フルマカモメは消化された食物を材料にして、胃腺から特殊な油を分泌し、体内に保持しているのです。

これらは天敵に吐きつけるための抑止力にもなれば、ヒナに口移しで与えるエネルギー源としても使われています。

オイルベースの燃料であれば、ドラゴンも相当量の燃料を無理なく体内に保持しておけるでしょう。

では次に、燃料に火をつけるのに必要な「酸素」について見ていきます。

高温ジェットを吐くには「あの虫」の能力が必要

火をつけるのに必要な酸素については空気中にいくらでも浮遊しています。

しかしドラゴンに見られる強烈な火炎放射を実現するには、空気中の酸素を使うだけではまったく足りません。

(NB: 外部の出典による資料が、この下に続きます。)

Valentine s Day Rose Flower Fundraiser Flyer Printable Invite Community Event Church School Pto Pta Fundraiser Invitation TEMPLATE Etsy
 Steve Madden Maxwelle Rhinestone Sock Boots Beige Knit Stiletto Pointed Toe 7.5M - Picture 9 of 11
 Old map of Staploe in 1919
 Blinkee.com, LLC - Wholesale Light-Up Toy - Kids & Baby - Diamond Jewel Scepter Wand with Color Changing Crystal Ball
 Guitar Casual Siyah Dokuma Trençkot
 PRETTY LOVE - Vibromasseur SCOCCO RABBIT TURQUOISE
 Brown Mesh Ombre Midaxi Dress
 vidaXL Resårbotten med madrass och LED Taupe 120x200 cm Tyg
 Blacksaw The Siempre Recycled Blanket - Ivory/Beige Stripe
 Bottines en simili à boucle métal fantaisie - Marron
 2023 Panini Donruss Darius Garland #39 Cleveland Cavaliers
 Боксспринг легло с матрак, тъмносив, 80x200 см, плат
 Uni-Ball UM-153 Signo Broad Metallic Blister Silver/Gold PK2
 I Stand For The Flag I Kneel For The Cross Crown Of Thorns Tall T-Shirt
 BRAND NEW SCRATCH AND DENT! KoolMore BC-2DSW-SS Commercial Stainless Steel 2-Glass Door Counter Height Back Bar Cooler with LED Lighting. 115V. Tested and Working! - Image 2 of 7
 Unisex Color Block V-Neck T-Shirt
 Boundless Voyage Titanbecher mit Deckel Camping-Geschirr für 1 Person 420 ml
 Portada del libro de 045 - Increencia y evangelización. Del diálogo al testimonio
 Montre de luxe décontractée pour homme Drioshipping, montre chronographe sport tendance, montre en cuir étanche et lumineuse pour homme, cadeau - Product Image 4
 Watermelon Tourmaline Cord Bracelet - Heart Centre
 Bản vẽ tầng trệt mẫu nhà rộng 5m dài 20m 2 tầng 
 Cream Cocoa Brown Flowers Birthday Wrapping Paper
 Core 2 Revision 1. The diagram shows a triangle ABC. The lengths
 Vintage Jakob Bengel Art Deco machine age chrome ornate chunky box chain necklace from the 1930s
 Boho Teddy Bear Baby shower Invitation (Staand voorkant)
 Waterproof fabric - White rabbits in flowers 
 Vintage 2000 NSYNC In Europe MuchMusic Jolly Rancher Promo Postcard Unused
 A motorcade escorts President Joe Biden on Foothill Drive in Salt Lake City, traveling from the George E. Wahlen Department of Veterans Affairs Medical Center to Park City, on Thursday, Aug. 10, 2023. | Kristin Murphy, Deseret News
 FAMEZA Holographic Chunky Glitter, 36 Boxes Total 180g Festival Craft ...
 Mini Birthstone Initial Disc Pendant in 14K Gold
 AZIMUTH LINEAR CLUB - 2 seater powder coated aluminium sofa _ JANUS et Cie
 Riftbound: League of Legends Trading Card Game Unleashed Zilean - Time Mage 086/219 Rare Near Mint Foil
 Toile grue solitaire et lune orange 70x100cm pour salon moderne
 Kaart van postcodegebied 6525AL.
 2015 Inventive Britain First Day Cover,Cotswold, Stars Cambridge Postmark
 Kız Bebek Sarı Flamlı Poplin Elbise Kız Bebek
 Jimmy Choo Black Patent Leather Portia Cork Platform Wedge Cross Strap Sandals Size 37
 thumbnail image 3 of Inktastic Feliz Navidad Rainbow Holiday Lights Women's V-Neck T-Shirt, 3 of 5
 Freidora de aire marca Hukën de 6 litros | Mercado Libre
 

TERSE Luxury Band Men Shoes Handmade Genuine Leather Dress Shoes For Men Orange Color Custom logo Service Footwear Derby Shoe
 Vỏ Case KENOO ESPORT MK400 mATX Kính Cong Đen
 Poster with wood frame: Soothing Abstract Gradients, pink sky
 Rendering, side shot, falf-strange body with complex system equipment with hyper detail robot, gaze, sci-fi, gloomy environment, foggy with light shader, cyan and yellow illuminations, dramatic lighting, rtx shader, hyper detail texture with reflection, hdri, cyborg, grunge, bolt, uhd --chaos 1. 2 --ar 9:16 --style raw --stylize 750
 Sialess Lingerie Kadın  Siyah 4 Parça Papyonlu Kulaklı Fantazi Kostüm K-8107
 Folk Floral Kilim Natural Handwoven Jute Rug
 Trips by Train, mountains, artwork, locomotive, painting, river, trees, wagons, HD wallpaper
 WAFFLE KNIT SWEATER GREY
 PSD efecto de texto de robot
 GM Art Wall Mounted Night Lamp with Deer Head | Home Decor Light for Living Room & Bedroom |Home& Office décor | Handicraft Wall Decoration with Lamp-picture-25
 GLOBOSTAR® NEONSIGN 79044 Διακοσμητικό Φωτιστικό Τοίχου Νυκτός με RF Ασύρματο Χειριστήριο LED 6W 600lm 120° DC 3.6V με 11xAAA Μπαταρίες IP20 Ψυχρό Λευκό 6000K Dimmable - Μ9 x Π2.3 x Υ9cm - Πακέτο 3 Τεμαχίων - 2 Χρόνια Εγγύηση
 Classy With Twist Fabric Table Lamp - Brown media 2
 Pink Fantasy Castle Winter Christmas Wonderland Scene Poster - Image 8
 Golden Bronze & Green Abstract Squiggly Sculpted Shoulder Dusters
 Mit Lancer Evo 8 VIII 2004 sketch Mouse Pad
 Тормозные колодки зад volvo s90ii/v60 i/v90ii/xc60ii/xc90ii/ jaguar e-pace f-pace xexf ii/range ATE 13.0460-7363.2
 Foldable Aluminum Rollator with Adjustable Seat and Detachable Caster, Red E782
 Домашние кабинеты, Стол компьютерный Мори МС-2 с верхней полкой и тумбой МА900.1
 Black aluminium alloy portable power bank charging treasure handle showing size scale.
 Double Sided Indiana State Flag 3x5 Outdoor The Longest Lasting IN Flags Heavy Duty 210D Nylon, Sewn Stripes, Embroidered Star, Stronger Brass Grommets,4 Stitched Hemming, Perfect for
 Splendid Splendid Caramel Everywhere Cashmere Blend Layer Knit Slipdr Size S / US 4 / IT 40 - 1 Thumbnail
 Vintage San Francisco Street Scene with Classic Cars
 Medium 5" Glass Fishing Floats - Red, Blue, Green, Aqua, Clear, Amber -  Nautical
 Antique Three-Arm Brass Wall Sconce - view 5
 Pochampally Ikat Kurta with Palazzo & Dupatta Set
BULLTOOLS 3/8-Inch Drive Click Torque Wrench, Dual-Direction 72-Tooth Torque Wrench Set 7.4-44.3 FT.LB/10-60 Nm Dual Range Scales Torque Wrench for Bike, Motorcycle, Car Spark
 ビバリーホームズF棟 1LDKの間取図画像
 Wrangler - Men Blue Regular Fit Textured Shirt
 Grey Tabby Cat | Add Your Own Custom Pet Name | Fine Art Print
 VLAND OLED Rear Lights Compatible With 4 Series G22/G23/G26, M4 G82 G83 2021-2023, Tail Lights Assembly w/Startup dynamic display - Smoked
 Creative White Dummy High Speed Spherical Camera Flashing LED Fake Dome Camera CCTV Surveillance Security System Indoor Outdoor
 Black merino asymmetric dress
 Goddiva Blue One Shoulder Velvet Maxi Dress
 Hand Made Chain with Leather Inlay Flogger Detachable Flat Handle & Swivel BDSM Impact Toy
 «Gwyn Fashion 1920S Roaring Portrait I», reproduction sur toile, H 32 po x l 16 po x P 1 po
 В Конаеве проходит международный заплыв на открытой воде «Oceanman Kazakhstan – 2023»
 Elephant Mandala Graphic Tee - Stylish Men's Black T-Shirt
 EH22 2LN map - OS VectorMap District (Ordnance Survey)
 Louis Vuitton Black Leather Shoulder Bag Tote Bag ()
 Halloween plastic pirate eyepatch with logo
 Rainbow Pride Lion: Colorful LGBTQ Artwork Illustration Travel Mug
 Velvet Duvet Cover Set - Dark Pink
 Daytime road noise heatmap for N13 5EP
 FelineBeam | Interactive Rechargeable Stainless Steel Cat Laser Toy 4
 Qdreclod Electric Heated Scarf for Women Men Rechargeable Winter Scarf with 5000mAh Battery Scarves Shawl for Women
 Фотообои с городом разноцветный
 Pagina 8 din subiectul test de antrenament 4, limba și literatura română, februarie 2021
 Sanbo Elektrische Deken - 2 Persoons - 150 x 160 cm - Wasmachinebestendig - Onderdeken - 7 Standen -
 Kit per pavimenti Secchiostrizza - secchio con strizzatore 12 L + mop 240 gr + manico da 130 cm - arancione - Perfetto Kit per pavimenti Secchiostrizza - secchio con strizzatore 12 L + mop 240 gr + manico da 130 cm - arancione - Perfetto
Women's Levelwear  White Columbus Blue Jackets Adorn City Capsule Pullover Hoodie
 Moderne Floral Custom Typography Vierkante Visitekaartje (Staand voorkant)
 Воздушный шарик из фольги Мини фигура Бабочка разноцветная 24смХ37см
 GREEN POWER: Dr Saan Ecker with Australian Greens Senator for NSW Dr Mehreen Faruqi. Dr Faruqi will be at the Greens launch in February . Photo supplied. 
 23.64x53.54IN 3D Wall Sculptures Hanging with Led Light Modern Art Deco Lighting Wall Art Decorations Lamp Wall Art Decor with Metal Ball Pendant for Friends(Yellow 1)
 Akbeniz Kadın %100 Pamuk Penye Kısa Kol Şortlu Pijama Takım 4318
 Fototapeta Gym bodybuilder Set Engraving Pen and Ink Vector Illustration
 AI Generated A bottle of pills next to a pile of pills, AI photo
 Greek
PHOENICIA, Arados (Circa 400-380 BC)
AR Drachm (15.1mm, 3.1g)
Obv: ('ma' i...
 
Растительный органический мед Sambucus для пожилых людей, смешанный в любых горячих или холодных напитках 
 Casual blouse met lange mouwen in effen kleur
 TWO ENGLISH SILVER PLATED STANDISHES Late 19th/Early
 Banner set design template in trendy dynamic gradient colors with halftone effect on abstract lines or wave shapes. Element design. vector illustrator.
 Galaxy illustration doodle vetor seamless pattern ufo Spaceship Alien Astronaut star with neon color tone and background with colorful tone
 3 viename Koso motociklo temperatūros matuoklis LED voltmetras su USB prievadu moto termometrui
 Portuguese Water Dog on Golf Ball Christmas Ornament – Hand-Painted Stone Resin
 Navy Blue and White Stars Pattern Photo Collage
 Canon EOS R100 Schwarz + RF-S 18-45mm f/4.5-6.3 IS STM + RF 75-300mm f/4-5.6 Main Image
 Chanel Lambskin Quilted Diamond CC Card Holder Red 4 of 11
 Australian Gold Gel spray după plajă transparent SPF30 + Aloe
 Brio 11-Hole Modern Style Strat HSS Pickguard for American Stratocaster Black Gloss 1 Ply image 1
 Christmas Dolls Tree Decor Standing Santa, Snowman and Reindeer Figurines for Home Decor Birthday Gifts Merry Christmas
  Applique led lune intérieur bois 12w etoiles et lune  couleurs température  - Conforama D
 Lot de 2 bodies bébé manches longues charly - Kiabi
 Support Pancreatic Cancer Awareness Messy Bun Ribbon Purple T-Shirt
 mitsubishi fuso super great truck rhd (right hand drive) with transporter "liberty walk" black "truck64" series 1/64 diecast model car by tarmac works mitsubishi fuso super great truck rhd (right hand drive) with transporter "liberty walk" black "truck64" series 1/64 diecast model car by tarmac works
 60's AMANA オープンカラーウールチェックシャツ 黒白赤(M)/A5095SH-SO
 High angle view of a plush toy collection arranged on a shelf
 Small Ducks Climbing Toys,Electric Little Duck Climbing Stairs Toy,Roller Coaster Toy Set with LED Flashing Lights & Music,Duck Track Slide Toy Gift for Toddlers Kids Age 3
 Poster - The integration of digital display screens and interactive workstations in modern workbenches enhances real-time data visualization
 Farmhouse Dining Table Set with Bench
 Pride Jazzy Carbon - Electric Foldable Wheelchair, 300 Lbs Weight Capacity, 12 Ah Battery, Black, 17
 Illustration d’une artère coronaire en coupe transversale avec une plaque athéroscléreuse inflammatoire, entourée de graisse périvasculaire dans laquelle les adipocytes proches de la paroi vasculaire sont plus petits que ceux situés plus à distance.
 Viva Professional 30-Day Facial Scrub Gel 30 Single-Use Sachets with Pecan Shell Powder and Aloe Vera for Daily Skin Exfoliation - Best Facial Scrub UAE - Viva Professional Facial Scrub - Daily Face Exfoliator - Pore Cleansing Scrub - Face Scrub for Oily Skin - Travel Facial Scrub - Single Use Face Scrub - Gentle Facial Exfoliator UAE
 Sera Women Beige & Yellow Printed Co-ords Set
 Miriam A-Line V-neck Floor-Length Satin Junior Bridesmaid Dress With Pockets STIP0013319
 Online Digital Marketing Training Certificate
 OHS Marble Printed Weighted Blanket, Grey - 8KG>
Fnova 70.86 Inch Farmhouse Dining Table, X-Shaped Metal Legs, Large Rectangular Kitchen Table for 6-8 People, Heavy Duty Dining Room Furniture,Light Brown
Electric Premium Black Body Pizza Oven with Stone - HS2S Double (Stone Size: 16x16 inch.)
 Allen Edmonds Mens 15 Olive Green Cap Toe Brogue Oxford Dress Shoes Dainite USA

そこでドラゴンの火炎放射を再現したいなら「ミイデラゴミムシの能力が最適だ」とローチ氏は指摘します。

ミイデラゴミムシは俗に言う”ヘッピリムシ”として有名な甲虫の一種です。

彼らについてはお尻から高温のガスジェットを噴出できることで有名でしょう。

ミイデラゴミムシは腹部に2つの特殊な腺を持っており、片方で「ヒドロキノン」を、もう片方で「過酸化水素」を生成しています。

これらは別々に貯蔵されていますが、天敵に襲撃されると、この2つを特殊な酵素を使って混ぜ合わせ、ヒドロキノンをベンゾキノンに酸化し、過酸化水素を酸素と水に分解します。

このプロセスで大量の熱が発生し、混合物は急速に沸点まで上昇して、ミイデラゴミムシのお尻から強烈なガスジェットとして噴出されるのです。

ミイデラゴミムシの能力を搭載すると、強烈なガスジェットを噴射できる!
ミイデラゴミムシの能力を搭載すると、強烈なガスジェットを噴射できる! / Credit: canva / ナゾロジー編集部

数センチ足らずの小さな体にも関わらず、高温のガスジェットは約100℃にも達します。

そしてローチ氏いわく、ドラゴンがミイデラゴミムシと同じ機能を搭載していれば、いくつかの大きなメリットがあるという。

1つ目はこの化学反応が強力な高圧を生み出すため、オイル燃料を勢いよく噴出できるようになること。